→ **EXTRACTED DATA**
+-------+
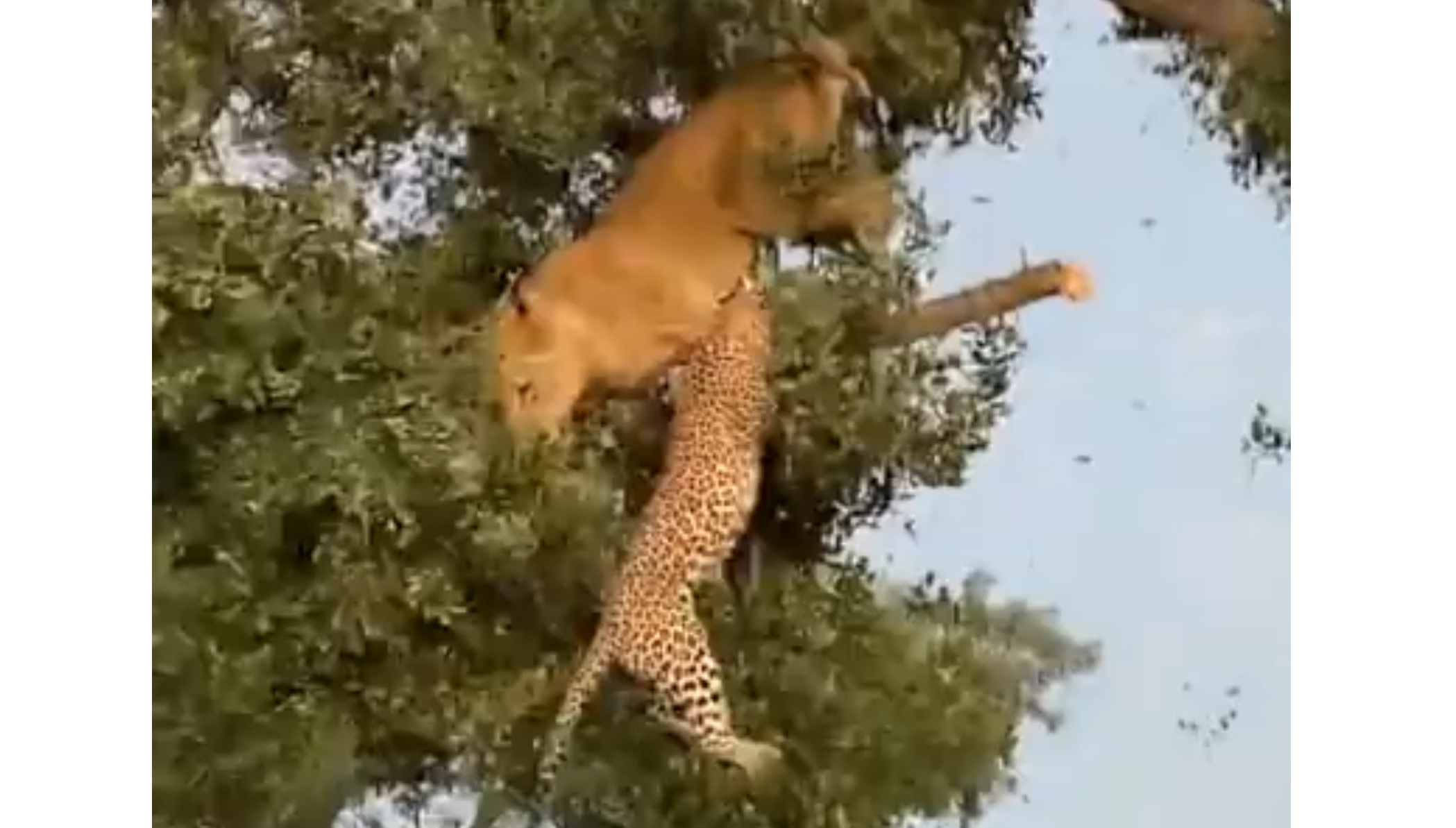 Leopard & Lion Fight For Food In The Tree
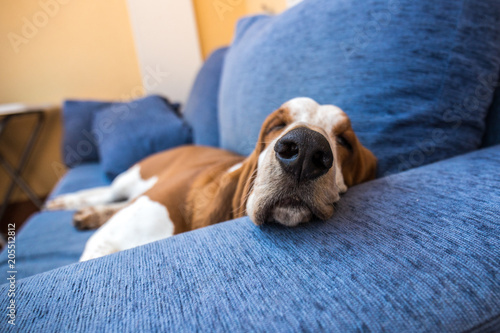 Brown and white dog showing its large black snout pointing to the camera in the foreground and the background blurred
+-------+
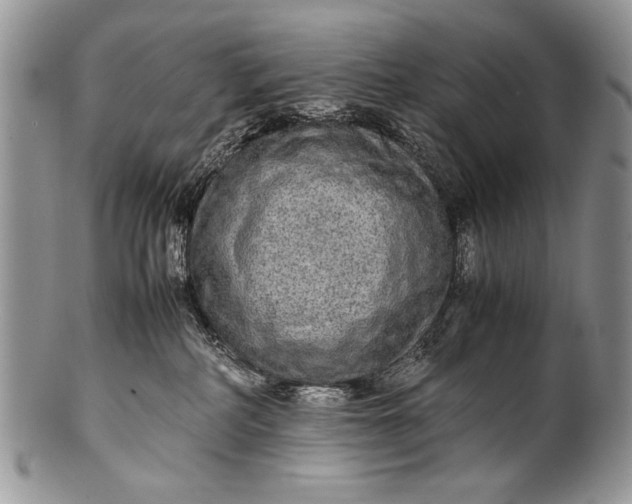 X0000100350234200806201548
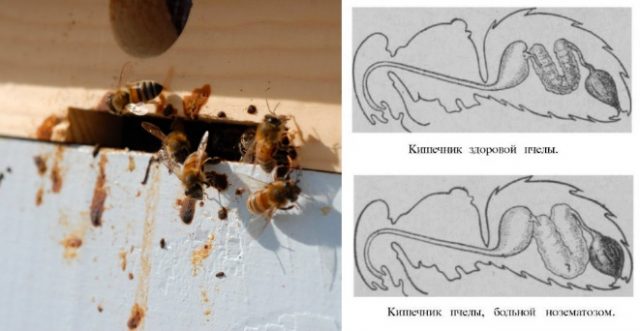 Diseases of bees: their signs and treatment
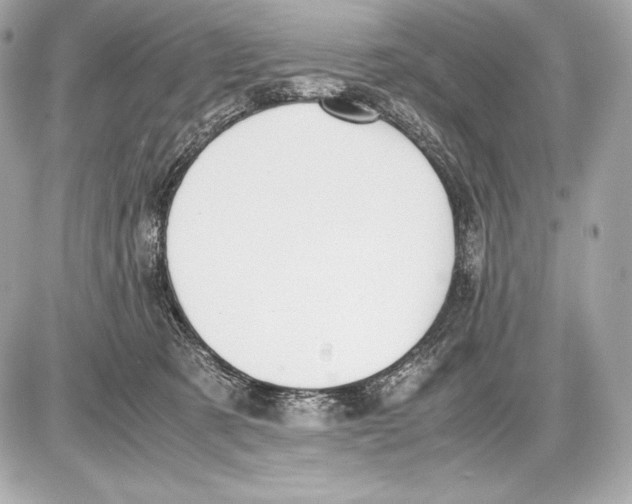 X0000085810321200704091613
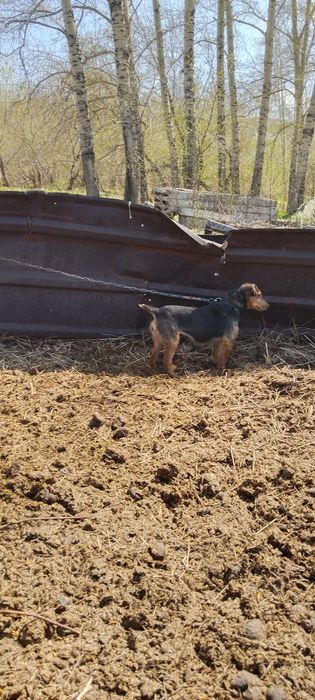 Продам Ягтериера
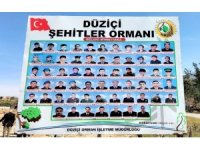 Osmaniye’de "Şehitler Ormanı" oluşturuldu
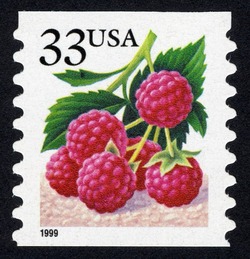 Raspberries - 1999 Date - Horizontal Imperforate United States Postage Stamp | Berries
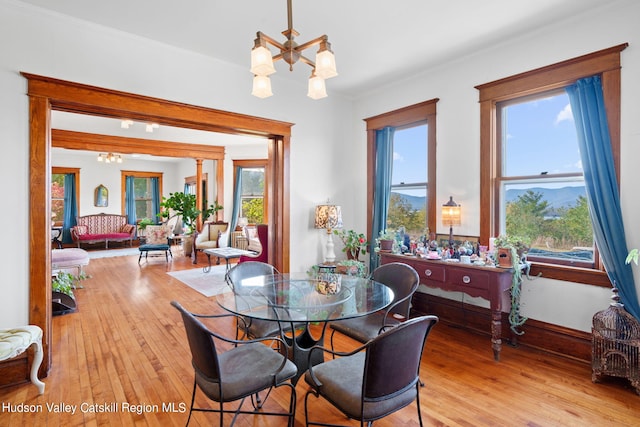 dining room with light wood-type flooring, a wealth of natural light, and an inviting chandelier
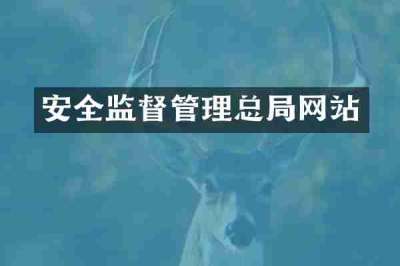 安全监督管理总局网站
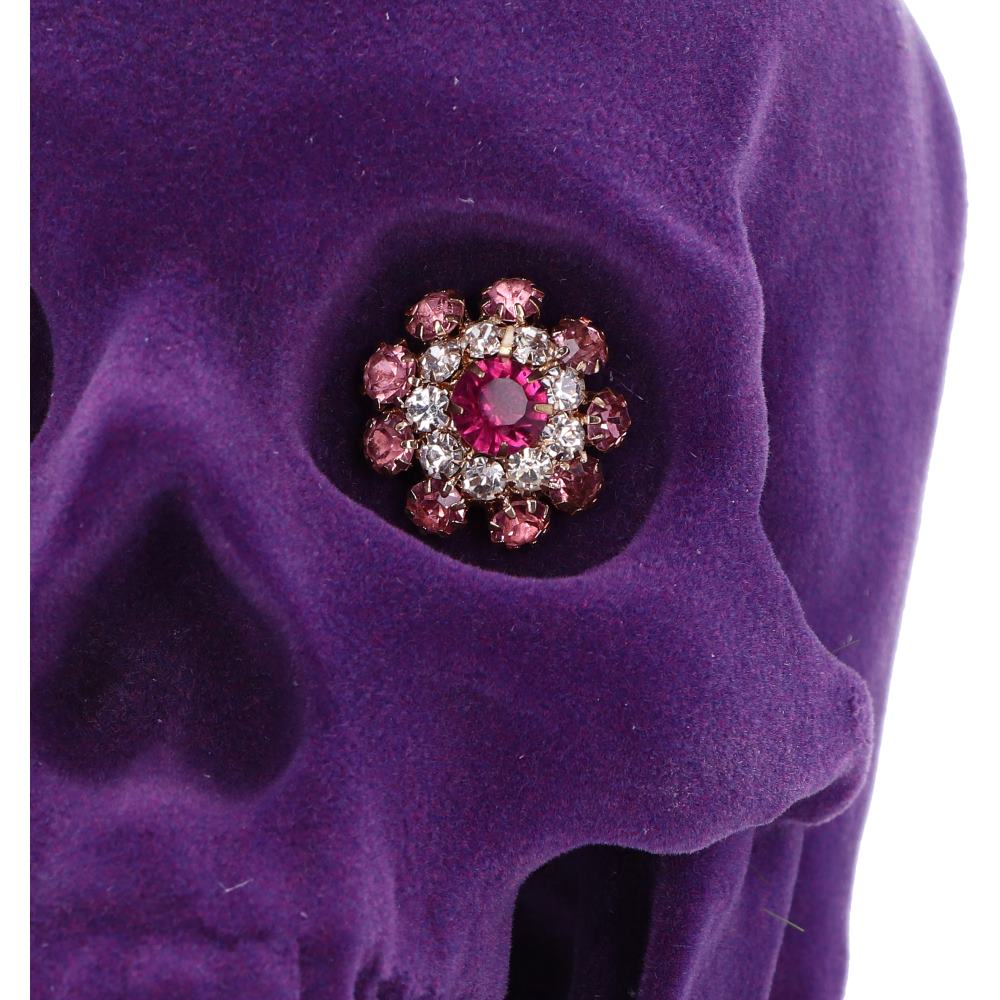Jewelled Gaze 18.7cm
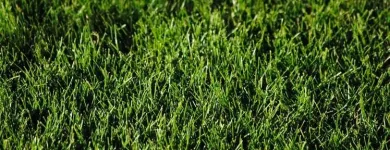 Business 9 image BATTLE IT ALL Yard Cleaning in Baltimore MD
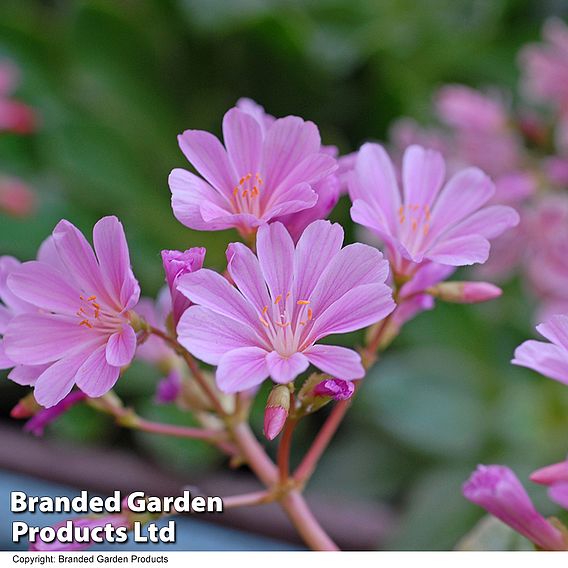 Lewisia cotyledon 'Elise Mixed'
+-------+
→ **PROMPT**
Set down, exactly as written above, each line from the one with "X0000100350234200806201548" through the one with "Lewisia cotyledon 'Elise Mixed'", and skip the pictures.

→ **PROBLEM SOLUTION**
 X0000100350234200806201548
 Diseases of bees: their signs and treatment
 X0000085810321200704091613
 Продам Ягтериера
 Osmaniye’de "Şehitler Ormanı" oluşturuldu
 Raspberries - 1999 Date - Horizontal Imperforate United States Postage Stamp | Berries
 dining room with light wood-type flooring, a wealth of natural light, and an inviting chandelier
 安全监督管理总局网站
Jewelled Gaze 18.7cm
 Business 9 image BATTLE IT ALL Yard Cleaning in Baltimore MD
 Lewisia cotyledon 'Elise Mixed'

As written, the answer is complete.